Según contaba, su secreto pasa por tres reglas muy simples, o lo que él llama su Dogma: breve, gracioso y barato. Probablemente, lo de breve no corra en los siete largometrajes, y lo de gracioso (un concepto bastante subjetivo) esté relacionado con el hecho de que aplique a su obra un test que viene desde los tiempos del Gato Félix: medir la reacción de una audiencia en una sala a oscuras (los espectadores conmovidos se mantienen en silencio; las risas, en cambio, se oyen). La animación abstracta le provoca pánico desde que en un festival programaron una de estas piezas justo antes de la suya y perdió la mitad de la platea, con el agregado de tener que ver una generosa lista de contribuyentes en los créditos del mamotreto; gente fina que nunca pondría un mango en una de sus películas. Plympton se financia sólo y a menudo se lo ve hacerlo, con sus dvds o lo que sea. En ese sentido, no tiene temores pacatos. Confía en el viejo comercio hecho a mano, incluso en el truque, y lo bien que hace. Es por eso que va ser difícil encontrar mucho material suyo dando vueltas en internet, esa fantasmagoría de potencialidades que por alguna razón nunca cuajan del todo.

Autorretrato

LOCURAS EN EL OESTE

Pero el mundo sigue girando y a pesar de ser una fantasmagoría, internet trae nuevos mensajes de Plympton. En diciembre estará otra vez por acá, dictando una “master class” en el Argentina Comic Con; y con Slide a cuestas. Había hablado de este proyecto de largometraje en su viaje anterior: un homenaje a la música country de su niñez. Slide era entonces apenas una idea, un par de bocetos y una ocasión para tocar la guitarra, otro de sus muchos talentos. El disparador de la película fue la comprobación de lo bien que funcionaba la música de Hank Williams en un dibujo animado, y el proyecto fue creciendo hasta convertirse en una comedia musical al estilo del Locuras en el Oeste de Mel Brooks, ambientada en un pueblo maderero de su Oregon natal, aunque pasado por el filtro de un cuento de hadas, dado que los árboles hablan o se quejan cuando son talados y la protagonista tiene algo de princesa y mucho de prostituta (de nuevo, no conviene confundir a Plympton con Disney).

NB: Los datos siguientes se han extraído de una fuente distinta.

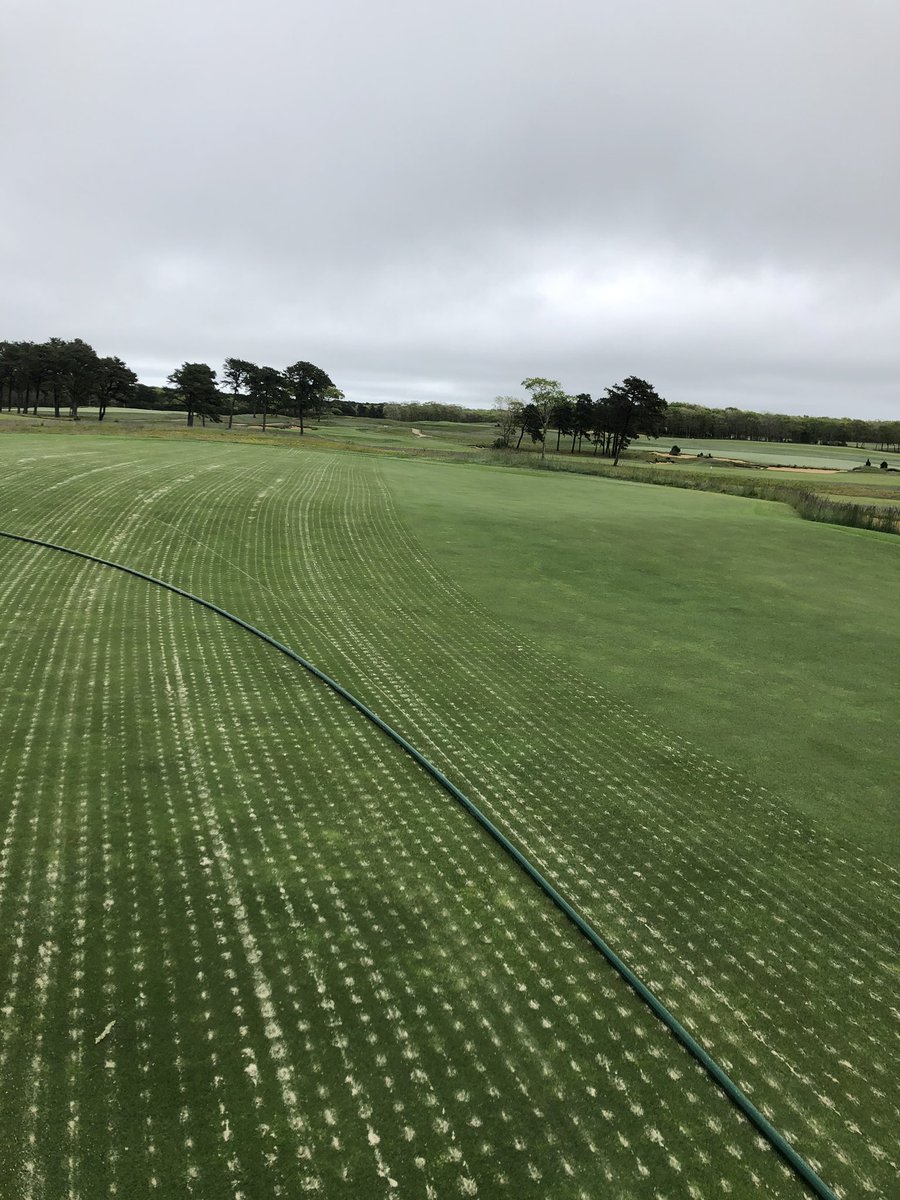 kev_e_banks's tweet photo. Thanks to @kmcddryject @ColonialTurf @phospholutions @Hollistonsand great day for improving conditions https://t.co/zPcMGnzuSy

En este momento, Slide ha entrado en una frenética etapa de post-producción. Con la animación y parte del coloreado ya completos, Plympton ha empezado a montar voces y música, y confía en que el filme estará terminado para nuestro próximo otoño (o su primavera, dependiendo del punto de vista que uno elija).

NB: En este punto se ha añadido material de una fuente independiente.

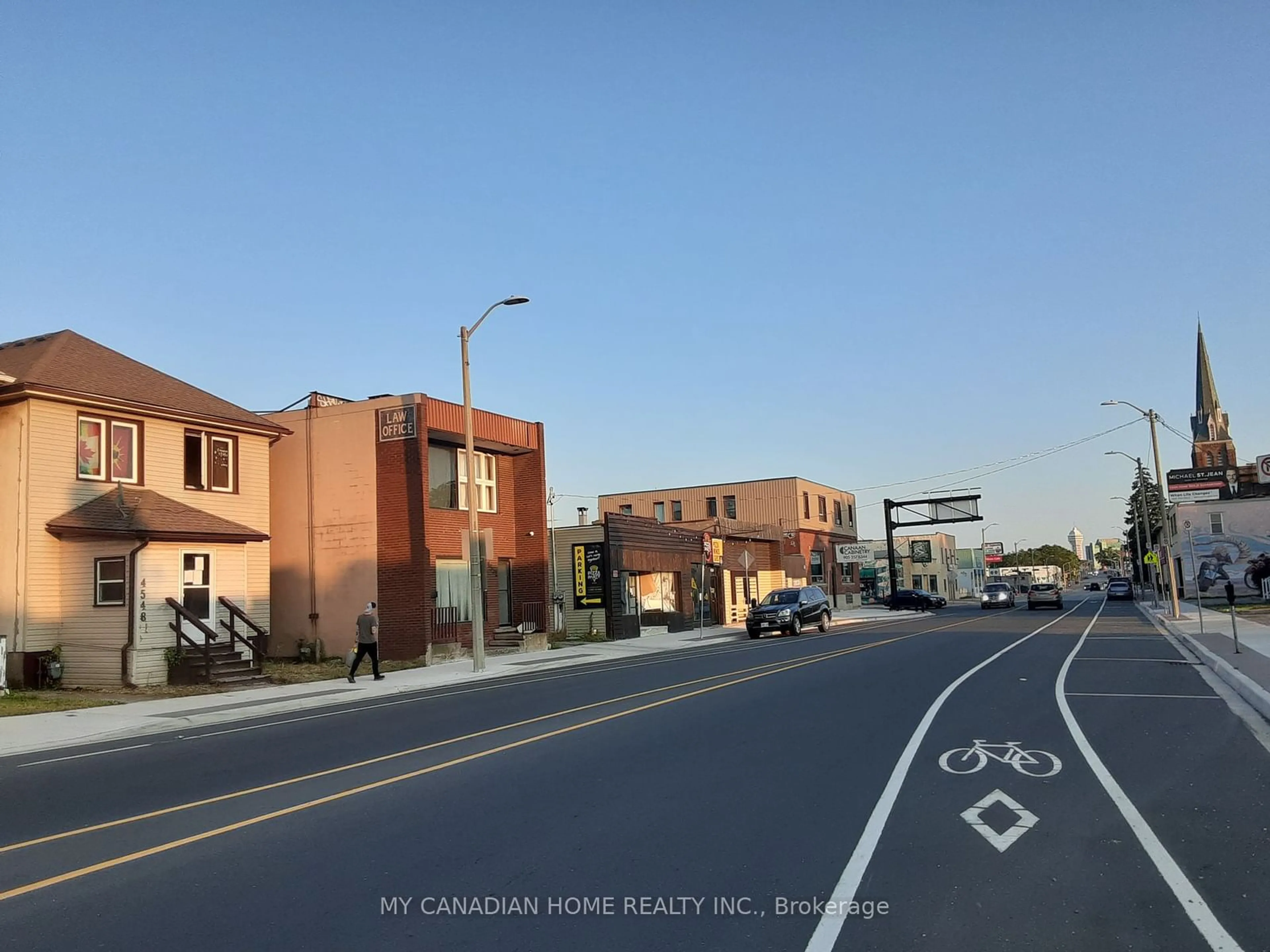 A view of a street for 4548 Victoria Ave, Niagara Falls Ontario L2E 4B6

Paradójicamente, el encierro de la pandemia –que para algunos resultaba sinónimo de trabajo continuado sin interferencias del mundo exterior– complicó el ajustado circuito de charlas, firmas y exhibiciones que le había permitido financiar sus anteriores proyectos; cosa que terminó resolviendo con la venta de dibujos originales o apelando a plataformas de financiamiento. Claro que todo este rodeo no es en el fondo más que el precio de la independencia, y en este sentido hay que reconocerle al norteamericano que en su caso la etiqueta de “indie” no se trataba de un simple chamuyo de disquería.

En fin, nunca hay que desesperar. El ajustado circuito que nos regalaba algunas películas increíbles de tanto en tanto está empezando a moverse de nuevo y pronto tendremos acá a Plympton con su bolsa llena de dibujos, libros, películas y otros formatos obsoletos que se puedan palpar o llevar bajo el brazo. Será una manera de adelantar la Navidad un poco este año.

25 Ways to Quit Somking, 1989

Argentina Comic Con será el viernes, sábado y domingo en La Rural, Av. Sarmiento 2704. La master class de Plympton se realiza el sábado 10.